### DATA FOR THE TASK

*** Block opens ***

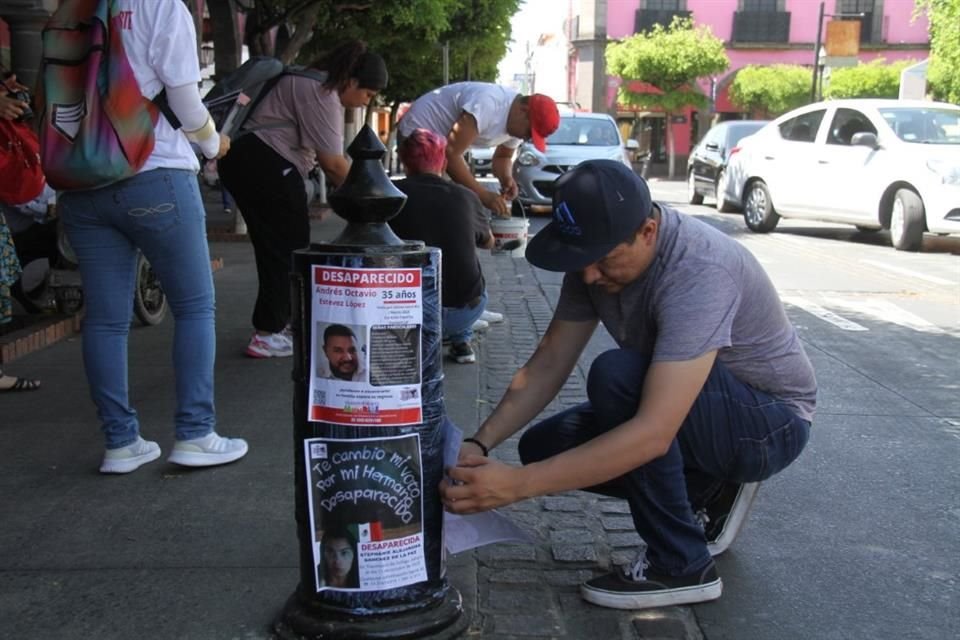 En otras ocasiones, el colectivo de buscadores donde se han enfrentado a policías de Tlaquepaque que intentan impedir la pega de fichas.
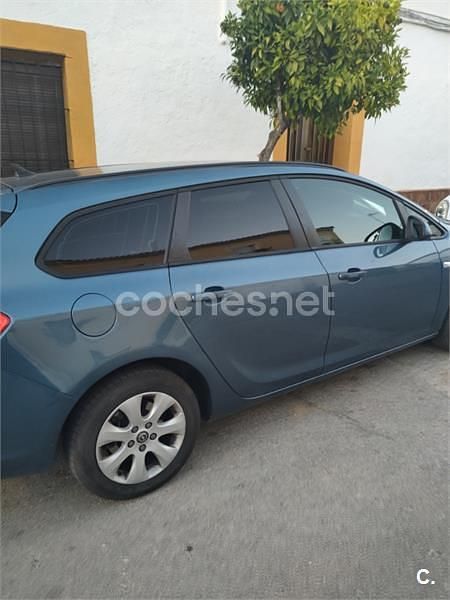 Azul Usado 2014 Opel Astra Business Familiar | 4500 € (Precio justo) - Imagen 1/4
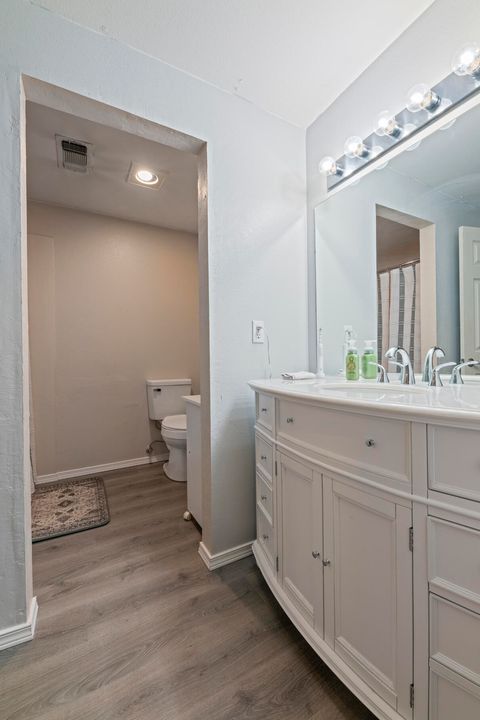 Tiny photo for 2690 Cummings Lane, Medford, OR 97501 (MLS # 220212592)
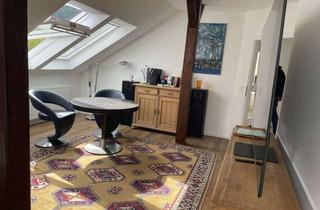 Wohnung mieten in Friedrich-Ebert Str. 84, 32760 Detmold, Wunderschöne, helle 2-Zimmer Dachgeschosswohnung in Detmold-Hiddesen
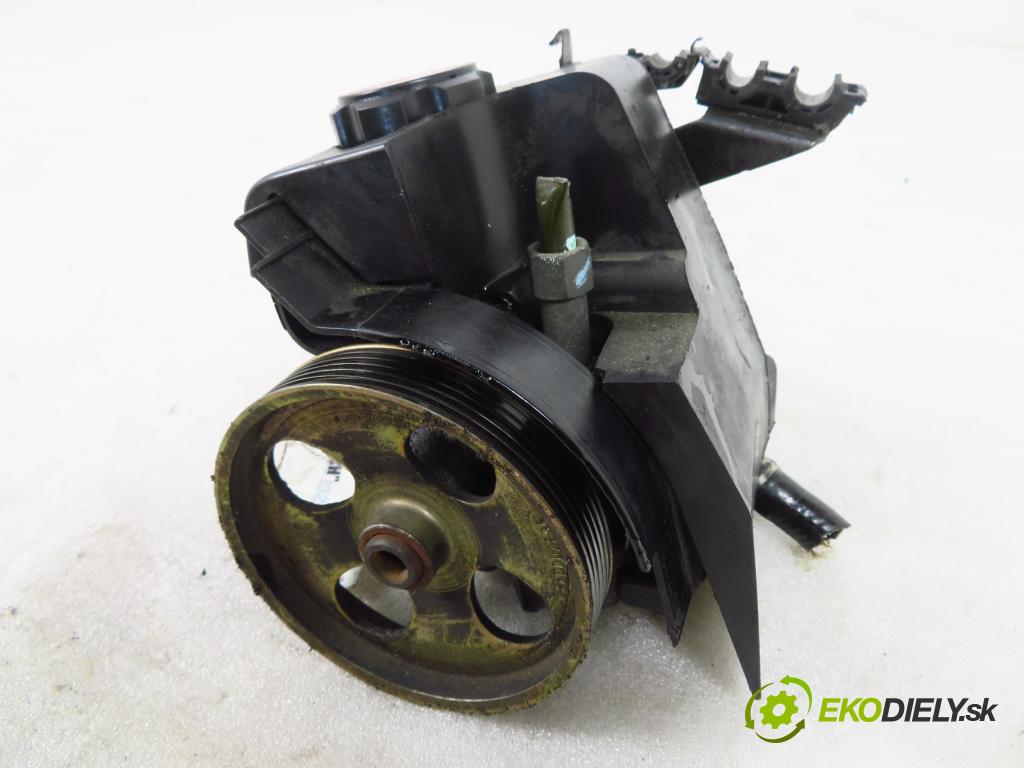 PEUGEOT 206 liftback (2A/C) LIFTBACK 2004 50,00 1.4 HDi 8V 70 - 8HX 1398,00 pumpa servočerpadlo 9638364580 ; 26086355QK (Servočerpadlá, pumpy řízení)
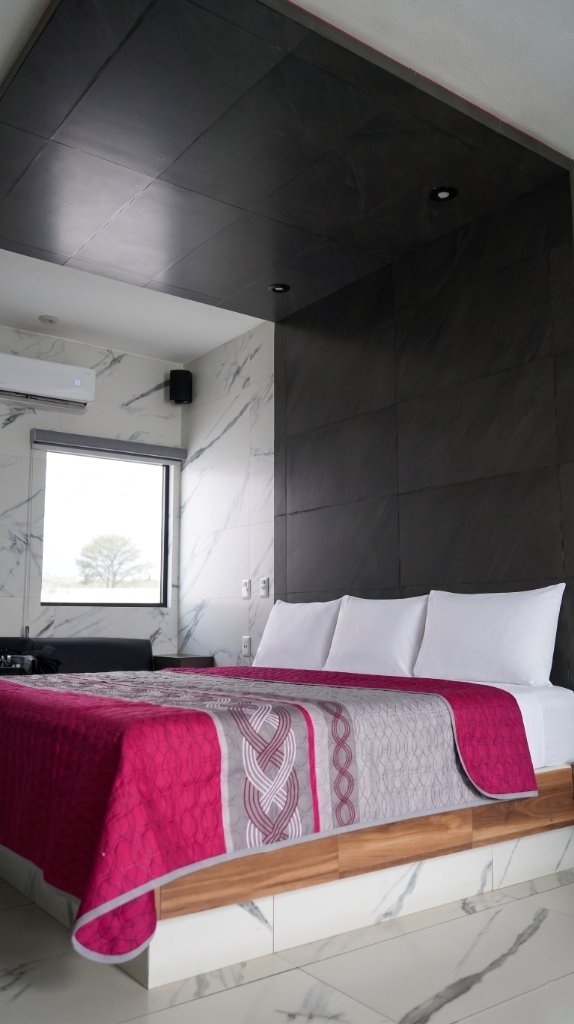 Suite Sencilla Motel Amsterdam - Cama King Size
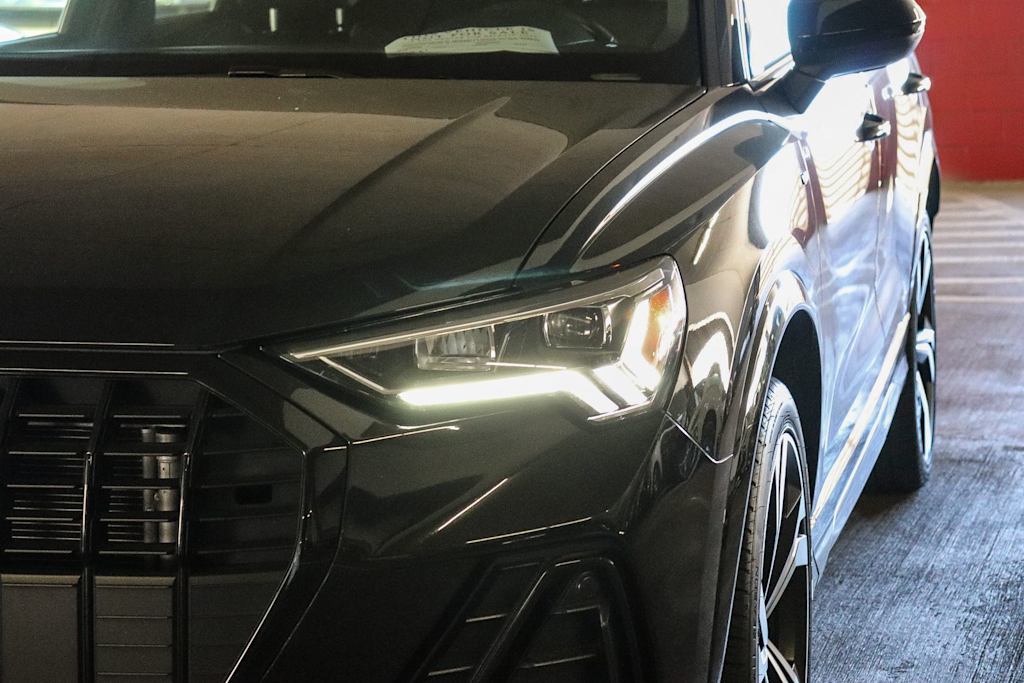 Thumbnail: 2023 Audi Q3 - 9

*** Block closes ***

### PROBLEM DETAILS
Produce an exact copy of the lines from the line with "Wohnung mieten in" through the last line of the data above, both ends included. No pictures belong in it.

### ANSWER TO THE PROBLEM
 Wohnung mieten in Friedrich-Ebert Str. 84, 32760 Detmold, Wunderschöne, helle 2-Zimmer Dachgeschosswohnung in Detmold-Hiddesen
 PEUGEOT 206 liftback (2A/C) LIFTBACK 2004 50,00 1.4 HDi 8V 70 - 8HX 1398,00 pumpa servočerpadlo 9638364580 ; 26086355QK (Servočerpadlá, pumpy řízení)
 Suite Sencilla Motel Amsterdam - Cama King Size
 Thumbnail: 2023 Audi Q3 - 9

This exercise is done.